Таня схватила меня за рукав и дернула, я покорно двинулся за ней.

— Эй, стойте! — занервничала торговка. — Куда подались? Дед перекупщик, берет у людёв за копейку гнилье, потом им торгует. А бабка всем тут рассказывала, что грядки на заброшенном кладбище вскопала. Ладно, скину я тебе пятерку, бери у меня.

— Десятку, — уперлась Татьяна.

Продавщица сосредоточенно погрызла ноготь на большом пальце и приняла решение:

— А, горит озеро, гори и рыба… Восемь сброшу.

— Девять, — слегка уступила Таня. — Из жалости к тебе соглашаюсь. Стоишь туточки, с утреца маешься не пивши, не евши. Не от хорошей жизни на кагане топчешься. У кого биография удачная, тот сейчас кофе на диване пьет. Слышь, а че тут у тебя спортивный костюм делает? Продаешь?

— Не, мужику купила. Вещь шикарная, стоила смешно, а качество лучше нет, — похвасталась баба. — Хочешь — пощупай.
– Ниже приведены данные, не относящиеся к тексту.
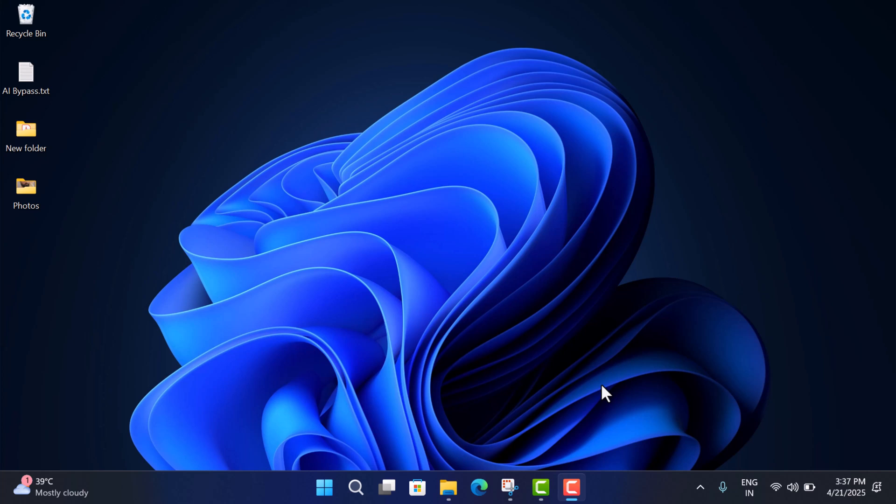Hello everyone, welcome to Geeker Mag. In this video I'm going to show you how to install YouTube Music on your Windows 11 and Windows 10 PC. So without wasting any time, let's learn what you need to do.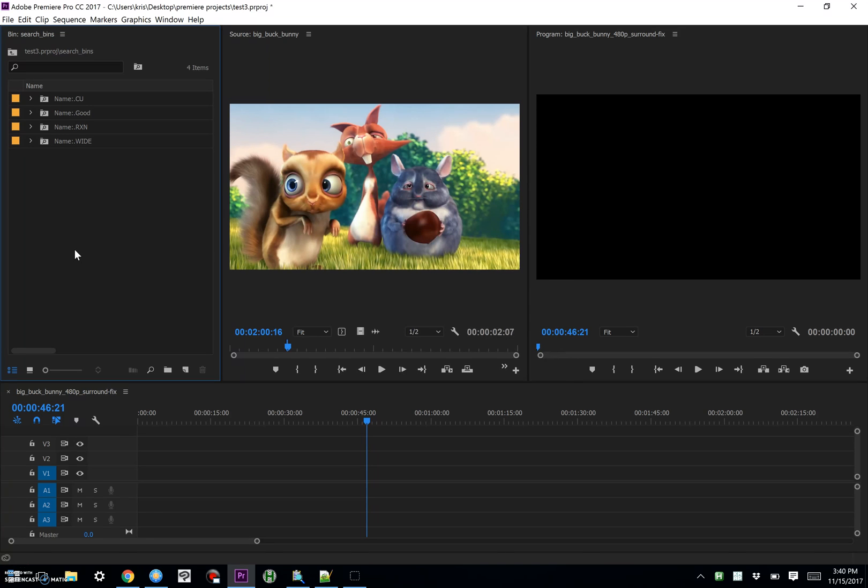Okay, well, I hope you enjoy it. I hope it makes your life easier as an editor, and let me know if you run into any problems with it, because I am not a programmer. Thanks!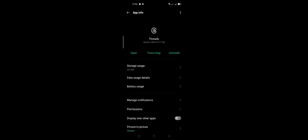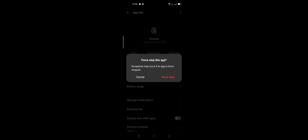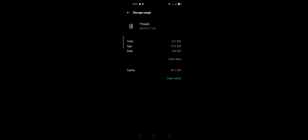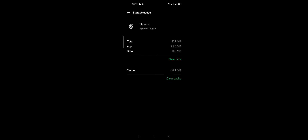After these steps, click Force Stop, click OK, then click Storage, and click Clear Data and Clear Cache.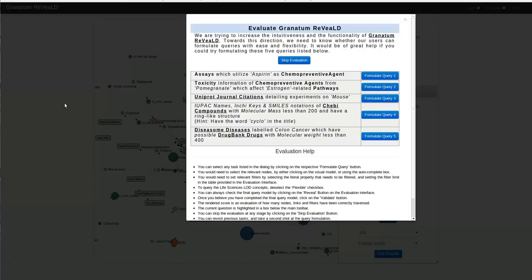I would like to introduce to you Granatum Reveal, a knowledge-driven platform for visualizing and querying the life sciences linked open datasets.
Таня помяла край темно-синих штанов жуткого вида. Бока их украшали три белые полоски, такие же были нашиты на рукава куртки, а ее спину украшала надпись «Atdedas».
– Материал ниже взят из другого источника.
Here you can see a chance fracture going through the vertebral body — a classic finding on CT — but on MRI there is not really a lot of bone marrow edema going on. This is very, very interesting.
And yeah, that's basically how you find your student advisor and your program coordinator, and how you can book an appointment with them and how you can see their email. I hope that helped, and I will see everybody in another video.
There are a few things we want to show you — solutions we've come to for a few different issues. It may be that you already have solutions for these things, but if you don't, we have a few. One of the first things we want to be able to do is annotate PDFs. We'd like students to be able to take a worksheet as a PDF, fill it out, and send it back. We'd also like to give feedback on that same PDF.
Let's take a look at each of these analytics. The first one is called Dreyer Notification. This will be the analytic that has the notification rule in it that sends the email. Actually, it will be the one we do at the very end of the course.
— Шикардос вещь, — одобрила моя спутница. — Если не секрет, почем брала?

— Восемьсот отсчитала! — гордо выпалила тетка.

— Дорого, — вздохнула Татьяна.

— Да ты че? — засмеялась баба, ловко накладывая картошку в пакет. — Дешевше трех тыщ такой костюм не взять. Это же фирма, в нее сборные команды России одеваются! А мне Мишка, вон тот мужик, что с рыбой стоит, подсказал, куда ехать надо — на кладбище. Тама ими торгуют.

Я попятился. Не хочется даже думать о том, откуда у людей с погоста берутся вещи.

— А у тебя душегрейка красивая, — поцокала языком торговка. — Вставочки кружевные, нынче это модно.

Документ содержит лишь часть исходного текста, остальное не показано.